Ils sont neuf officiers supérieurs de la Gendarmerie nationale et de l’Armée malgache (bérets verts et bérets rouges) à s’adresser à la presse ce mardi 15 décembre 2009 à l’hôtel Carlton. Ils se sont exprimés sur le cours pris par les événements de ces derniers jours et disent qu’ils sont les porte-paroles car ils ont été choisis pour représenter les « foloalindahy ».

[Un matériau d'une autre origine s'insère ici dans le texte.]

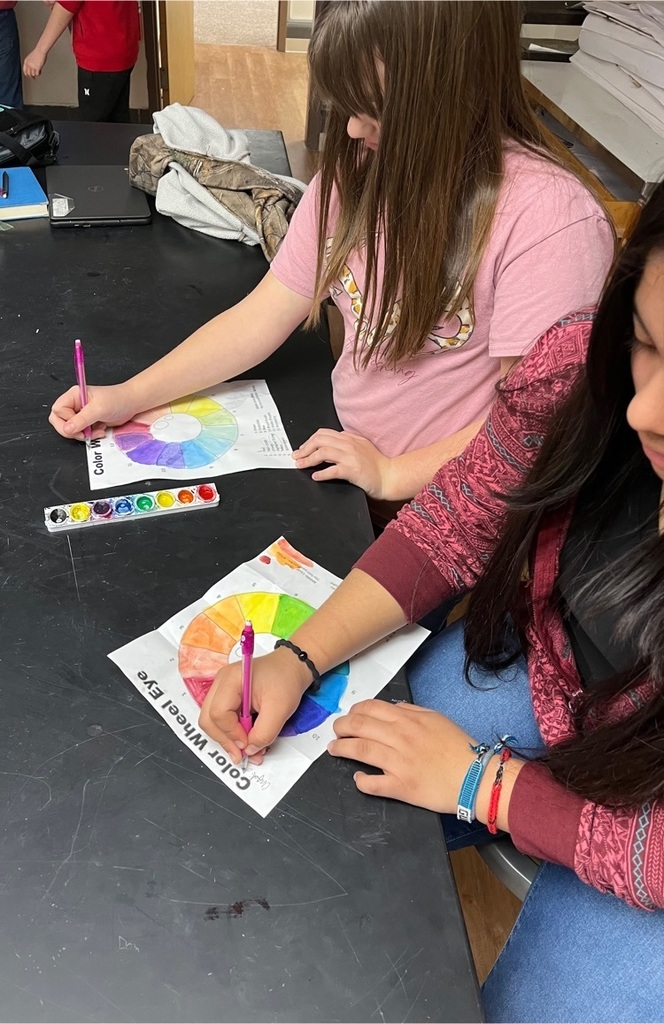 students painting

On ne sait s’ils ont informé leurs supérieurs et si la hiérarchie installée les a autorisés pour tenir ce point de presse. Toujours est-il que ces officiers supérieurs, ces colonels issus de la 9e et de la 10e promotion de l’Académie Militaire, promotions qui constituent un peu plus d’une centaine d’éléments, ont revendiqué que les autorités laissent toutes les délégations des trois mouvances rentrer librement dans le pays.
Ces officiers supérieurs ont constaté que les politiciens ont vainement cherché à sortir le pays de la crise bien qu’ils se déclarent tous poursuivre le même but. Ils exigent la poursuite des négociations et des dialogues et demandent à ce que la démocratie tant clamée sur tous les toits qui signifie liberté d’expression, de circulation et d’opinion, soit observée de la manière la plus sérieuse et dans tous les sens. Dès lors, a déclaré le colonel Ravoavahy, porte-parole des neuf à la tribune face à la presse, il faut rapatrier les délégations des trois mouvances.
S’adressant aux Forces armées, le colonel Ravoavahy les a appelé à observé la neutralité et à refuser d’être les outils de ceux qui ne veulent pas respecter la démocratie. Il a enfin appelé la population malgache au calme.
Intervention du FIS et de l’État-Major
Aussitôt après ce point de presse du Carlton, les hommes du FIS en tenue civile, conduits par les lieutenants colonels Lilyson et Charles ont été vus sur les lieux. L’objet de leur visite sur les lieux n’est pas connu mais, comme ils en ont l’habitude, les commentaires les accusent d’avoir voulu intimider, voire d’avoir tenté de surprendre sur place le groupe des neuf afin de les arrêter.
Dans la soirée, on apprenait que le chef d’état-major de l’armée, le général André Ndriarijaona, et le commandant de la gendarmerie nationale, le général Claude Ravalomanana, sont intervenus, apparemment pour s’interposer entre les hommes du FIS et le groupe des 9. Les 9 sont rentrés chacun à leur domicile, mais ils sont convoqués ce jour pour s’expliquer.
Outre le colonel Ravoavahy, font partie du groupe les colonels Andriambahoaka Faustin, Randriamisaina, Toto Vincent, Ramboasalama Emilien, Raberanto Alfred, Rahombola Jean Louis, Raoelison Mamisoa, et le Capitaine de Frégate Rakotonirina Rabarison.